Nicky’s Bridge: When Characters Come Calling

Bridge 1 BW

I call this Nicky’s Bridge. I don’t know the real name of it; I don’t know that it ever had one. And as you can tell, no one has driven on it for a long time.

Nicky is my fourteen year old rumrunner. He appeared to me one day while I was on a walk. Not literally, of course — but one second I was walking along minding my own business, and the next, I had this smart-ass kid in my mind. I could see him as clearly as the trees in front of me:  short, a thatch of dark blond hair, dark eyes, this huge overcoat that almost dragged the ground, white shirt and suspenders, and one of those tweed driving caps that sort of matched his coat. He cocked his head at me and said, “Lady. LADY! Yeah. You. Listen up. Here’s my story.”

It doesn’t always happen like that, believe me — but when it does, it’s amazing. Of course, it’s also VERY hard to shut them up when they come to you like that, those characters. Nicky’s been no exception, but I think I love him more than any other character I’ve ever written about.

So because Nicky grew up in a small town near where I live, I had to start exploring and figuring out what life would have been like in 1924. The landscape has changed a lot since then;  large chunks of the region were turned over to the Kaw Reservoir, and a lot more turned over to the Kaw Wildlife Refuge. I knew a lot of his driving routes would have been in that area, so I needed to go exploring. Road maps apparently weren’t common back then, so I’ve been combing through newspapers from 1924, looking for clues about the area and its topography back then. It’s not easy! If you want to do historical fiction, even something that recent (not even a hundred years ago) just remember:  you may not always find what you need.
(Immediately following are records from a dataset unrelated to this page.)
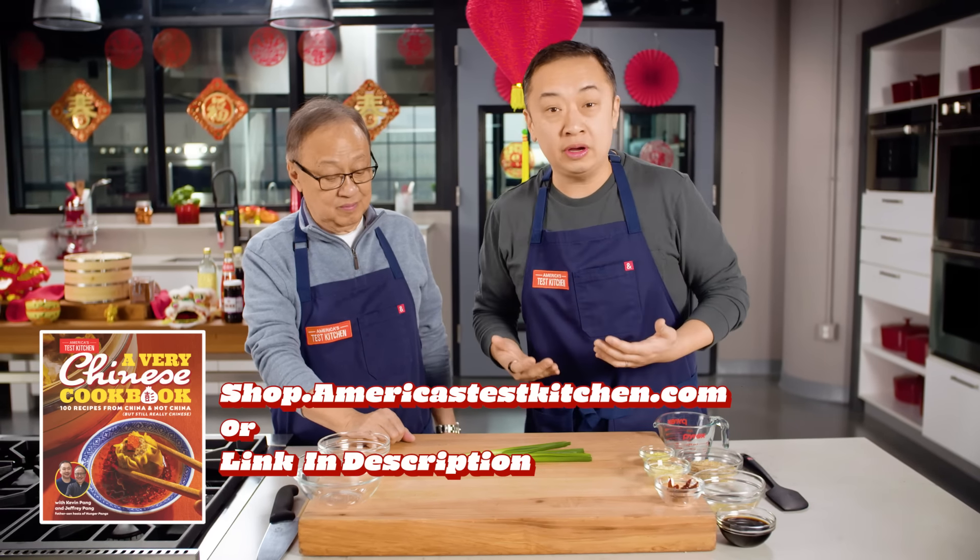So let's talk about what we have here. We've got four scallions, and we're going to cut them in two different ways. The green part we're going to cut into one-inch pieces, and the white part we're going to mince. We like the green parts to be nice, big pieces because they're going to wilt with the beef. We'll put them into two separate bowls.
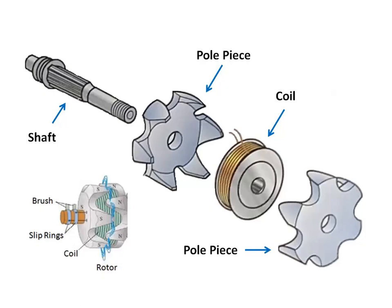Two insulated copper slip rings are mounted on the end of the rotor shaft, and the ends of the field winding are connected to these slip rings. In some alternators, both brushes are insulated and connected to the two alternator field terminals. In other alternators, one brush is grounded and the other brush is connected to a field terminal.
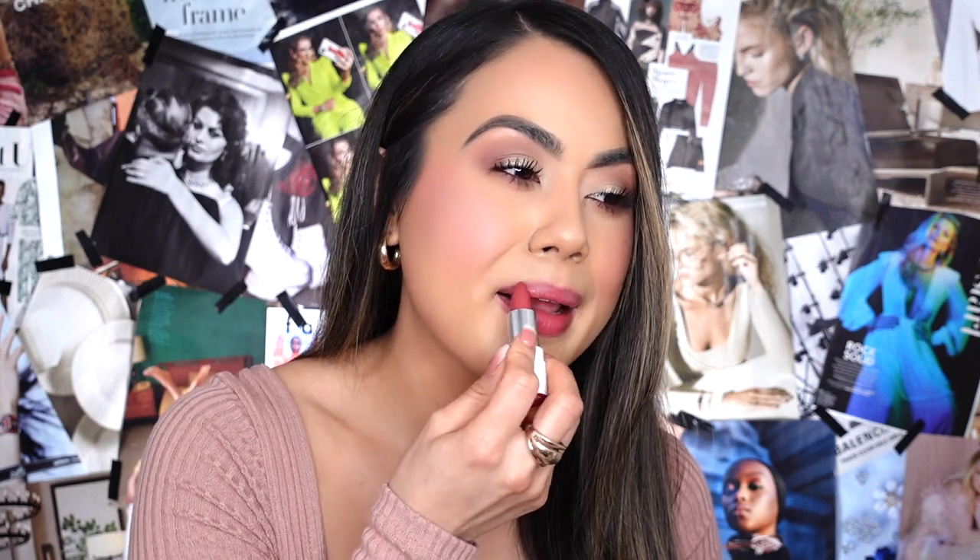It definitely has a satin finish. I'm going to go in and apply this lip color, going over it a few times. Love the pigmentation — it looks so, so pretty. Love the undertone. I thought it was going to be a little bit more reddish in the undertone, but we'll see once I'm done applying it. It's a mood for sure. I really like this lip color — it is really pretty.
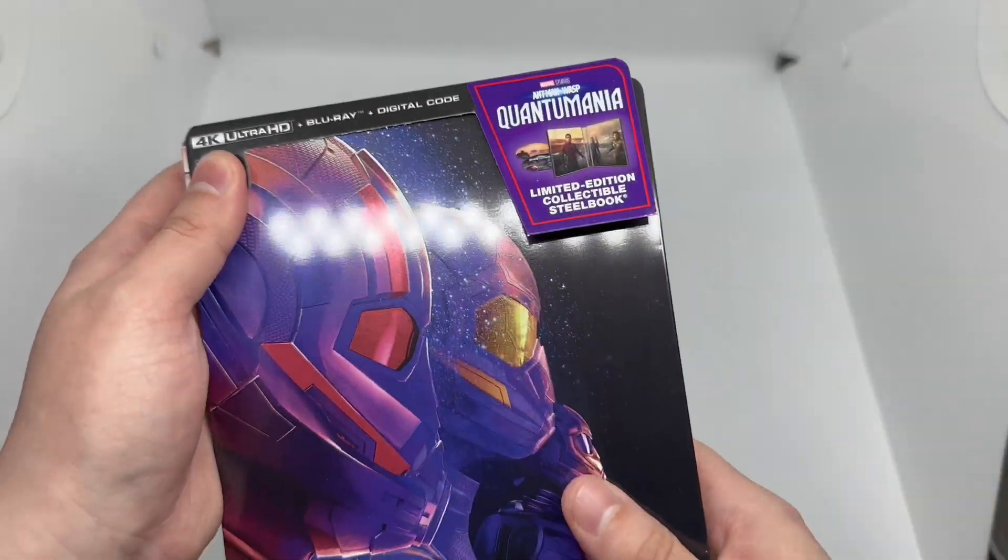Is this steelbook worth picking up? I would say yes, definitely. I enjoyed the movie, the steelbook cover and back are fire — inside is okay. We do have the 4K version, Blu-ray, digital copy, and different artwork on the discs, so to me it's definitely worth picking up. If you didn't really care about the movie but like the steelbook, I'd wait till it goes on sale.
But this bridge is still there. I’m not sure where it originally went; you can see the vestiges of the roadbed, but nothing to indicate where it would have gone after it disappears into the trees. A little further away, on the other side of the current road, there’s an old iron trestle. For a railroad? Or a real road? I have no idea. And because it’s on private land (there’s a sign out front that simply reads “NO.” Not “No Trespassing,” or “Private Property,” just “NO.”) I may never know. But this bridge, with its wooden slats and low metal railings, and the boxy frame underneath — this one, I’m sure was part of a road that no longer exists. A road that Nicky might have driven, alone at night, no headlights, just going by memory of how the road curves and straightens, of where the deer pop out and where the family of coons live (Nicky loves animals), and where the sheriff likes to sit, ready to tip his hat at Nicky when he drives past, acknowledging their little arrangement.

It’s funny, that in researching Nicky’s world, I’ve discovered more of my own.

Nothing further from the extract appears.